Oleh : Punky Purboyowati S.S
(Anggota Muslimah Penulis Jombang)
‘#MuslimahTimes — Gemah ripah loh jinawi’,sebutan bagi Indonesia sebagai negara yang subur. Di dalamnya terdapat kekayaan alam dan sumber daya manusia yang melimpah. Namun sayang, kini keberadaan ‘Gemah Ripah Loh Jinawi’ hanya sekedar ungkapan, manakala berada dalam kendali ekonomi neoliberalisme. Alhasil, tidak menciptakan kondisi rakyat yang sejahtera secara nyata. Ironisnya lagi, hingga saat ini kebijakan impor masih menjadi pilihan negara. Salah satunya impor gula.
Ekonom Universitas Indonesia Faisal Basri mengatakan, menjelang pemilu, Indonesia menjadi pengimpor gula terbesar di Dunia. Sepanjang tahun 2017-2018, Indonesia mengimpor gula tertinggi hingga 4,45 juta ton. Volume impor gula rafinasi membanjir. Pemburu rente meraup triliyunan rupiah (bisnis.tempo.id).

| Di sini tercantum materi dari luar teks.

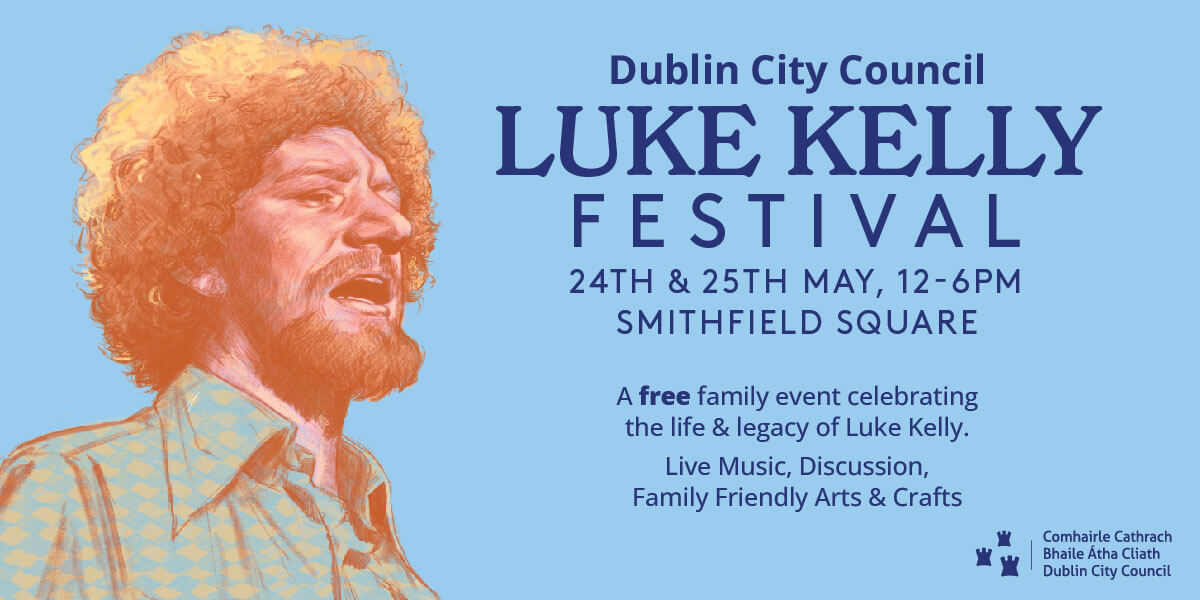 Dublin City Council Luke Kelly Festival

Tapi mengapa semua diam? Sebenarnya apa yang terjadi dengan bumi Indonesia ini hingga pemerintah menjadi pengimpor terbesar?
Menurut Menteri Perdagangan Enggartiasto Lukita, permintaan impor gula industri terus meningkat setiap tahunnya. Peningkatan volume impor gula industri dipicu oleh permintaan dari industri. Kuantitas dan Kualitas produksi dalam negeri, tidak bisa diterima oleh industri. Berdasarkan standar internasional, kadar gula Indonesia memiliki tingkat International Commission for Uniform Methods of Sugar Analysis (ICUMSA) yang tinggi. Sementara, yang dibutuhkan untuk industri makanan dan minuman harus dalam level rendah. Gula di Indonesia kadar ICUMSAnya tertinggi di dunia (bisnis.tempo.id).
Melihat kondisi tersebut, pemerintah seakan tidak secara serius mengurusi masalah pangan di Indonesia. Semua itu terjadi karena pemerintah masih bergantung pada negara asing. Pemerintah tidak memiliki strategi politik untuk menjaga ketahanan pangan secara berkesinambungan dan berkelanjutan. Pada faktanya, kebijakan impor yang dilakukan sering bocor dan salah sasaran. Selain itu dapat merugikan negara, jika masih menaruh ketergantungan impor pada asing. Lagi-lagi para kapital lah yang mendapat keuntungan. Kebijakan impor gula, justru tidak mensejahterakan petani dan bertentangan dengan program nawacita yang digagas pemerintahan Jokowi-Jusuf Kalla dalam soal kedaulatan pangan. Berangkat dari situasi seperti ini harusnya negara memiliki visi misi yg jelas dalam perannya sebagai pelayan rakyat bukan pebisnis.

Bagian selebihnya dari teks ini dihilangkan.